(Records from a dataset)
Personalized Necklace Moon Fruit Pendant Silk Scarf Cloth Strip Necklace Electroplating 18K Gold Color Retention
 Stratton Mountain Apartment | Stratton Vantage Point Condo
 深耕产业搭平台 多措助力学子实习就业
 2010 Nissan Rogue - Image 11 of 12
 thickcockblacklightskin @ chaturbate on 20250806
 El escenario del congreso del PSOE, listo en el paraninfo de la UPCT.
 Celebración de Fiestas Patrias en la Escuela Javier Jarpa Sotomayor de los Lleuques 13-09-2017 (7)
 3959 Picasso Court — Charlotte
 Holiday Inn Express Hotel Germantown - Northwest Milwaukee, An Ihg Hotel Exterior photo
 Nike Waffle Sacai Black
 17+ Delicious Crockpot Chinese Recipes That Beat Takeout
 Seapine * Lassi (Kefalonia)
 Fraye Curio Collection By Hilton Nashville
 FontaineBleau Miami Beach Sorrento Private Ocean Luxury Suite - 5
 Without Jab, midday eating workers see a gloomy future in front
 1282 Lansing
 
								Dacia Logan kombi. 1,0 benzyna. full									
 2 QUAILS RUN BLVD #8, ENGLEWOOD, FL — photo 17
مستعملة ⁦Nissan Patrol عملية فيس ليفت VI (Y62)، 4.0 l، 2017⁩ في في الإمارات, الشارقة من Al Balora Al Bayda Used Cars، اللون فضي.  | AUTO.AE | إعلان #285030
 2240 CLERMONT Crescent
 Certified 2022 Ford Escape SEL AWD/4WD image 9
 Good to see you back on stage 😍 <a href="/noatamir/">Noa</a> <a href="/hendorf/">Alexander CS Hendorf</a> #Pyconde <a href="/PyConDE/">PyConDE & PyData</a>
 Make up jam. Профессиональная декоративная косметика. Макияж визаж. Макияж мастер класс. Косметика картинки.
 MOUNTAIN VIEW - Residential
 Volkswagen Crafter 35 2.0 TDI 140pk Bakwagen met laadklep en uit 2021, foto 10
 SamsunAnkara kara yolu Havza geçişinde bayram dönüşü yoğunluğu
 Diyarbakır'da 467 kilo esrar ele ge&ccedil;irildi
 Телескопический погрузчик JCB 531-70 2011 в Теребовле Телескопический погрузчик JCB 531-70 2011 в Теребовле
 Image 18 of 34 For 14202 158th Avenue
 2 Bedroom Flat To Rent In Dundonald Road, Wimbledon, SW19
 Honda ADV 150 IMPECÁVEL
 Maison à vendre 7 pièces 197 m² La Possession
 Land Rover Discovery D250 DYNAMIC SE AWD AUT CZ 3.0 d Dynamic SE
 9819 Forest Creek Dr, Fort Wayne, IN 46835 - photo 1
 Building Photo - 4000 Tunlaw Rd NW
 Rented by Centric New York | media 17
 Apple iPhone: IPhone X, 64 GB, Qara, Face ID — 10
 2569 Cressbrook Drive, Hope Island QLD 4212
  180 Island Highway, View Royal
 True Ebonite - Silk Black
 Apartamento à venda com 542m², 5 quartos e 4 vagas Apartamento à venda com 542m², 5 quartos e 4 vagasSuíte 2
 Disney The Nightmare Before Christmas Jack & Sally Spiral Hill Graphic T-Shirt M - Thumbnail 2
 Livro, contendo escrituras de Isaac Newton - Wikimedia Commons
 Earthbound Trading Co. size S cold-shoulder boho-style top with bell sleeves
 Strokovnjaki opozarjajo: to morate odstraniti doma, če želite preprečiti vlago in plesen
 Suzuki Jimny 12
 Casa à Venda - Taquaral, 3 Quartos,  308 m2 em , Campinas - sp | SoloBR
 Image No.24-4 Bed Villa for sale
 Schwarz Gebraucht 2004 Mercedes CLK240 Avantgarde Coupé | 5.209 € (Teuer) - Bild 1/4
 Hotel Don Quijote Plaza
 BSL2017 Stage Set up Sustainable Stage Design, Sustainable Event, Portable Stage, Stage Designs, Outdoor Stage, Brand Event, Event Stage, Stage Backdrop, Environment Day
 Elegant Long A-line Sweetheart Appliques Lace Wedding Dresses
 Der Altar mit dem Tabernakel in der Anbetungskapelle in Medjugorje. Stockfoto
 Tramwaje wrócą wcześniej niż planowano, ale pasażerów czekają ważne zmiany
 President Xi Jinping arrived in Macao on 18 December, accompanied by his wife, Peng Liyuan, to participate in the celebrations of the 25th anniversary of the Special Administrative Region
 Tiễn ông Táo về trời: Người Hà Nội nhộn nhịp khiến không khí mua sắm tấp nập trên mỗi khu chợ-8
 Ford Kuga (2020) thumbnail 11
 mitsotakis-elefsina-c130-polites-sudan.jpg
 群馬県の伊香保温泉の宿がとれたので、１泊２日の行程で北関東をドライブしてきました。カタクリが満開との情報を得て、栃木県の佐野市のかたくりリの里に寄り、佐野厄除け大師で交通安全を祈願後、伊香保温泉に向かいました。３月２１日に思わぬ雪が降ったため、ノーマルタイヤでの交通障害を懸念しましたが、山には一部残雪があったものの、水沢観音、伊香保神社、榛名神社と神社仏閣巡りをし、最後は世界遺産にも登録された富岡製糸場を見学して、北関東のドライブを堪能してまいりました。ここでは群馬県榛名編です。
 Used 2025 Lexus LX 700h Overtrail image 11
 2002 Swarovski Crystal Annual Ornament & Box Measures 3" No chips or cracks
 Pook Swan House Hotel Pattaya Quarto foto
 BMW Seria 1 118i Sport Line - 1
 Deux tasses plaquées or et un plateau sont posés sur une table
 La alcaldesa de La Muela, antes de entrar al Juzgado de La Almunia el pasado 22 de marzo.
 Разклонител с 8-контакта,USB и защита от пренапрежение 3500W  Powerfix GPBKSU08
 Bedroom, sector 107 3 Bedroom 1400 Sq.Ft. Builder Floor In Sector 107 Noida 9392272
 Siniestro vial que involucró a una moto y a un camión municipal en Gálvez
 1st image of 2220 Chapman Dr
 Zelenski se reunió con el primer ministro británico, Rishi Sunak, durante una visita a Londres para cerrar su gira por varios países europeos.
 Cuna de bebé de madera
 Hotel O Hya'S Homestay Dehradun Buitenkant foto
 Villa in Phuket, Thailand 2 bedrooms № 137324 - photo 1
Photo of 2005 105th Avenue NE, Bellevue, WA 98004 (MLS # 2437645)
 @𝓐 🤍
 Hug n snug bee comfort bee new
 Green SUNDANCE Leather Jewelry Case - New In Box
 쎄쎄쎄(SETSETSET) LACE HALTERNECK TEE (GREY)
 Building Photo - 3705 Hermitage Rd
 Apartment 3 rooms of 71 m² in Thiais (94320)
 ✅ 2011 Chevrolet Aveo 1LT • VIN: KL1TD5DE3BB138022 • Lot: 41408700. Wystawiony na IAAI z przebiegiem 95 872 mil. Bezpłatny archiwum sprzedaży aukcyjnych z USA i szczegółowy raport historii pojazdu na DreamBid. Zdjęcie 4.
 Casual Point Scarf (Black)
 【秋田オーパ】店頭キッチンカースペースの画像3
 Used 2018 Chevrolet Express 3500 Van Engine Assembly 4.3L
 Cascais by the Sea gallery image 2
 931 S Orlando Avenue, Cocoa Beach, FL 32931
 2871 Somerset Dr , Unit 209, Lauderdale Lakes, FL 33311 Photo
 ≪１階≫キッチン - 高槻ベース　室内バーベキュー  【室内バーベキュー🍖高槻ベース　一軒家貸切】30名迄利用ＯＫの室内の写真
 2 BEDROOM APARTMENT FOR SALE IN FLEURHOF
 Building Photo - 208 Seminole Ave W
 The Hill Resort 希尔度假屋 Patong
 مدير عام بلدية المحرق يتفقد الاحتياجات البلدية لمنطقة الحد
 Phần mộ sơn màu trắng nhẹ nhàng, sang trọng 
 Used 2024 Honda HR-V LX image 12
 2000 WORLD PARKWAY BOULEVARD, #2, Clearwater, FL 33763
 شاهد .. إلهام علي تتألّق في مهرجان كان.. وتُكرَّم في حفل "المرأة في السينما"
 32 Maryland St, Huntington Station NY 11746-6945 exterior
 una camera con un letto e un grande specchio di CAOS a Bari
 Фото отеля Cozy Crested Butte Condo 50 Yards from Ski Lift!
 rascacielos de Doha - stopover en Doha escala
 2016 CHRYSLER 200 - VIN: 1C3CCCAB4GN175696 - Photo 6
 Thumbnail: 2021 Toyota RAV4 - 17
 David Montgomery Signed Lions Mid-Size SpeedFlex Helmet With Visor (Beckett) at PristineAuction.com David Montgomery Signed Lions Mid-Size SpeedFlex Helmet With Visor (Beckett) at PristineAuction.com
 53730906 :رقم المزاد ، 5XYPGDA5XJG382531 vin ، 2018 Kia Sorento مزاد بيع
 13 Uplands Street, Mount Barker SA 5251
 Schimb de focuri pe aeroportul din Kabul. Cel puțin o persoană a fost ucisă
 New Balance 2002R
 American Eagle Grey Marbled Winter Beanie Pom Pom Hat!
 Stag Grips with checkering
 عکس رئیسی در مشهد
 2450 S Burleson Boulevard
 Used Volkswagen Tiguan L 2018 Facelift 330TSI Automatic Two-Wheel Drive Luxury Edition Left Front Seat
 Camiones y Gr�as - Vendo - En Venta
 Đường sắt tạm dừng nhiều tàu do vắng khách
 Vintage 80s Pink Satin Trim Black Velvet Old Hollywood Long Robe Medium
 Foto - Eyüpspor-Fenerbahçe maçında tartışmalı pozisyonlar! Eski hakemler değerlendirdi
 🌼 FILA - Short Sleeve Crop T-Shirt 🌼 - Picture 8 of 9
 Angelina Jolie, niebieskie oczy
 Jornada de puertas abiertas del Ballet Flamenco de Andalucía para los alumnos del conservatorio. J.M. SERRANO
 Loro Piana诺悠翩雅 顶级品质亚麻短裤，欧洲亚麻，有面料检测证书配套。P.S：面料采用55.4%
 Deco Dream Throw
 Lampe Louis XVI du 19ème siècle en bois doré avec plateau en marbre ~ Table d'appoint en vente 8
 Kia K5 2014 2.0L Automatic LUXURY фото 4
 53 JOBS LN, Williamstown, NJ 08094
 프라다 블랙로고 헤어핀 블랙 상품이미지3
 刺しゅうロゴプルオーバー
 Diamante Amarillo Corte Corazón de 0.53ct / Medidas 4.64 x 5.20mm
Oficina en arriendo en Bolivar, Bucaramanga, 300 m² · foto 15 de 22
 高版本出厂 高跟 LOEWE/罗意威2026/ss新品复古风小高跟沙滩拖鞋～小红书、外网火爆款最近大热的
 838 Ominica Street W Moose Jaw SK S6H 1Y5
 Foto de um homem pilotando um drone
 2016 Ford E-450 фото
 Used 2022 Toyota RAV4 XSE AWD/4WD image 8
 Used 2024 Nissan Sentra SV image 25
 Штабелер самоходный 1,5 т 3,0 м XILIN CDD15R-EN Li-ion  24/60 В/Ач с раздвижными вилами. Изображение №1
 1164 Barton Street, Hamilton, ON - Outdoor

_YOUR TASK_:
Lines from the top of the entries through the line with "Nike Waffle Sacai Black" are to be transcribed exactly, and nothing more.

_RESPONSE BOX_:
Personalized Necklace Moon Fruit Pendant Silk Scarf Cloth Strip Necklace Electroplating 18K Gold Color Retention
 Stratton Mountain Apartment | Stratton Vantage Point Condo
 深耕产业搭平台 多措助力学子实习就业
 2010 Nissan Rogue - Image 11 of 12
 thickcockblacklightskin @ chaturbate on 20250806
 El escenario del congreso del PSOE, listo en el paraninfo de la UPCT.
 Celebración de Fiestas Patrias en la Escuela Javier Jarpa Sotomayor de los Lleuques 13-09-2017 (7)
 3959 Picasso Court — Charlotte
 Holiday Inn Express Hotel Germantown - Northwest Milwaukee, An Ihg Hotel Exterior photo
 Nike Waffle Sacai Black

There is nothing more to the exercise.